Goal of the exercise: All of the listing below must be repeated word for word. Pictures are the only thing to omit.

--- Given information ---

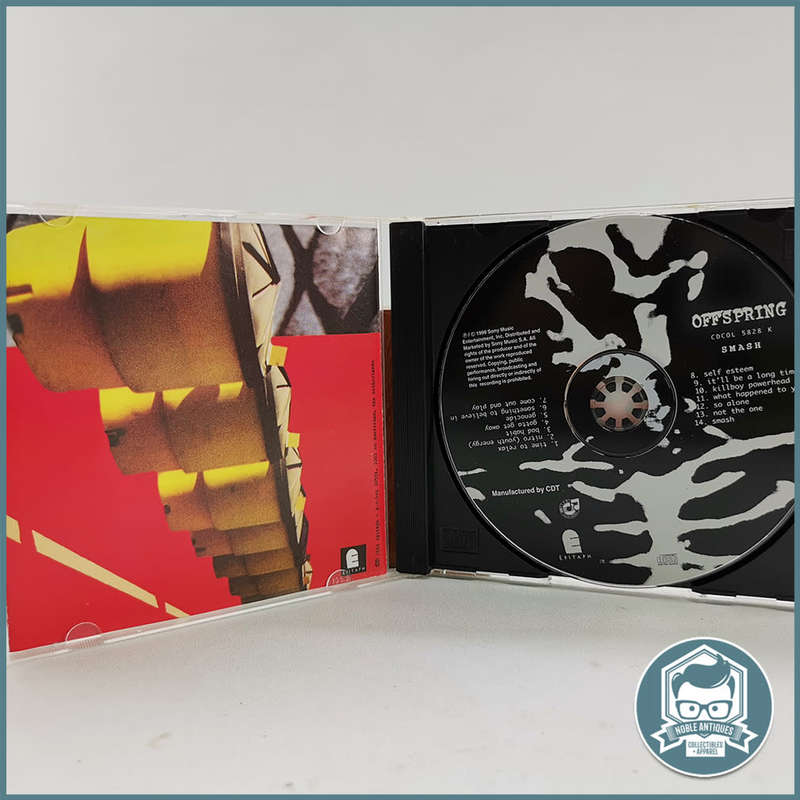 Smash Studio album by The Offspring!!!
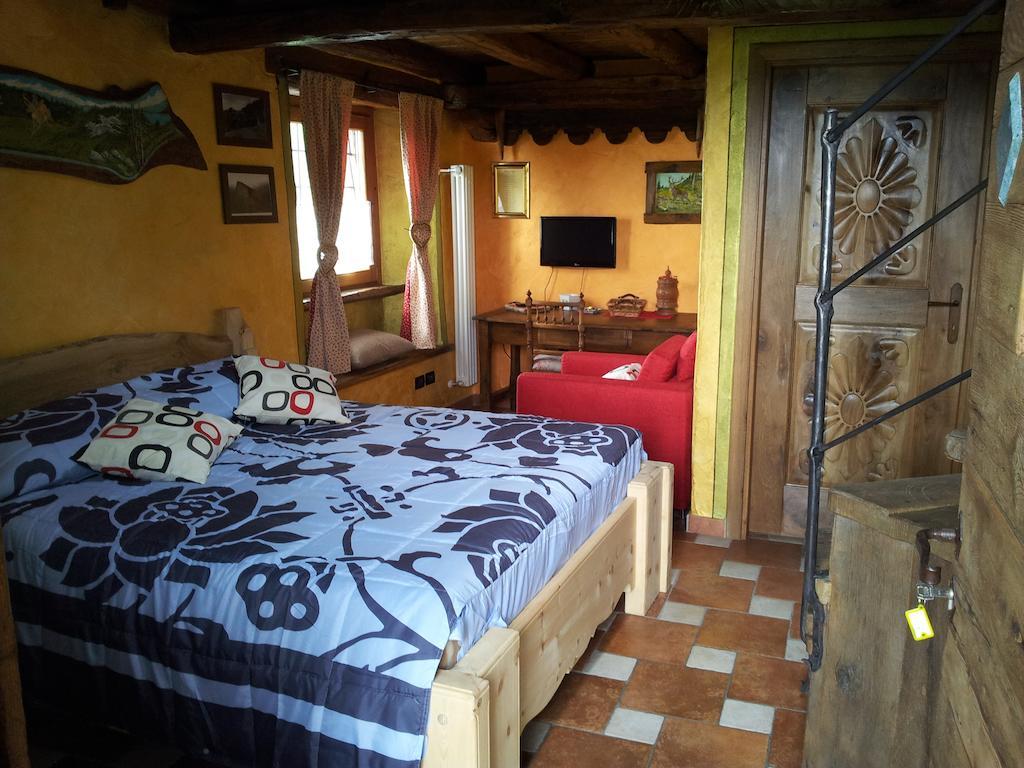Affittacamere Saint Salod Charvensod Chambre photo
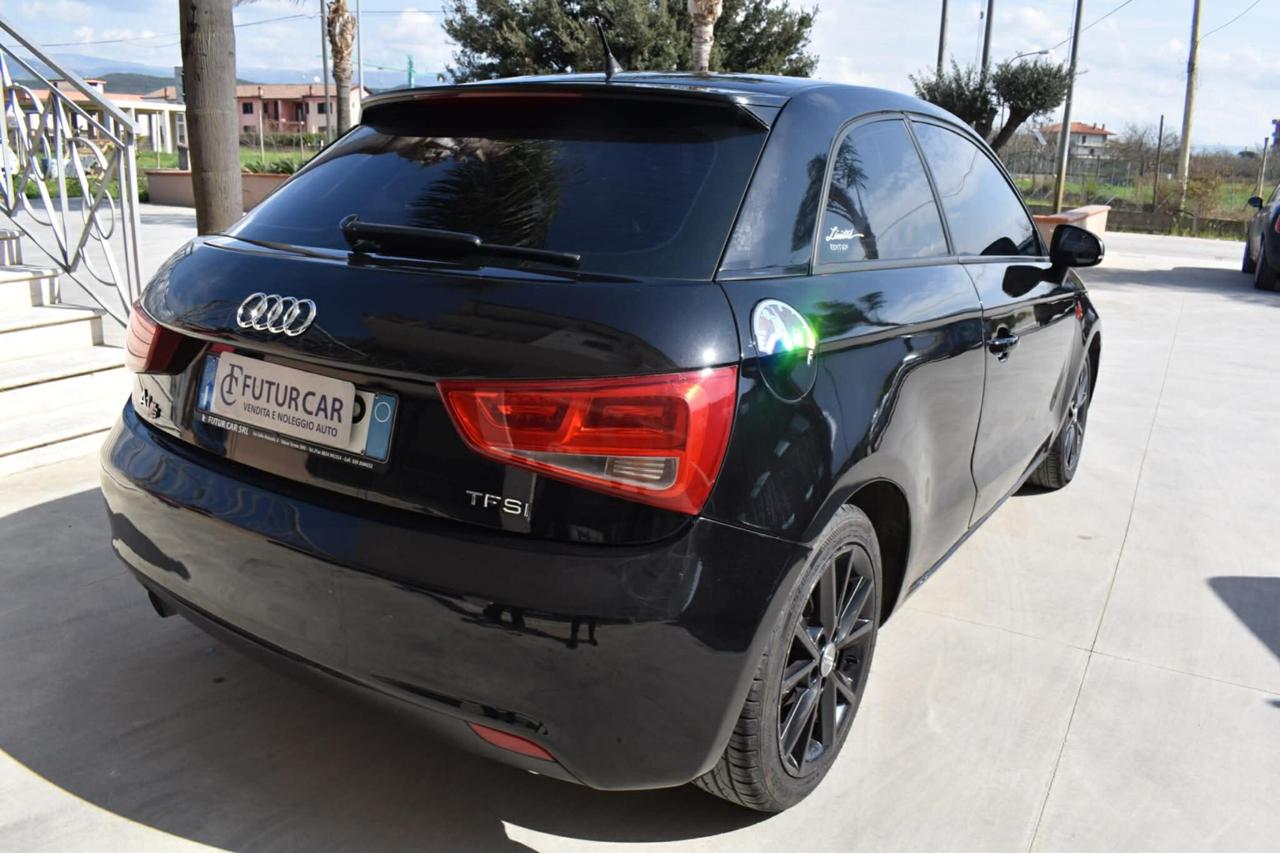 AUDI A1 1.2 TFSI Ambition - 14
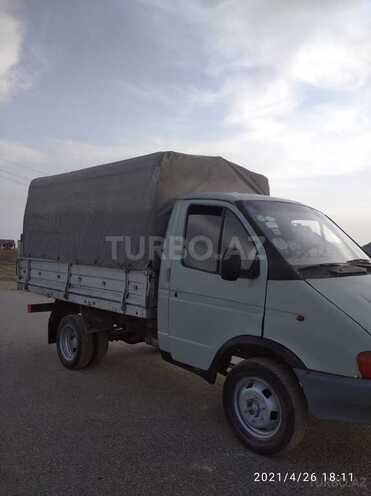 GAZ 3302-744 1999, 150,000 km - 2.4 l - Bakı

---

Output for this task:
 Smash Studio album by The Offspring!!!
Affittacamere Saint Salod Charvensod Chambre photo
 AUDI A1 1.2 TFSI Ambition - 14
 GAZ 3302-744 1999, 150,000 km - 2.4 l - Bakı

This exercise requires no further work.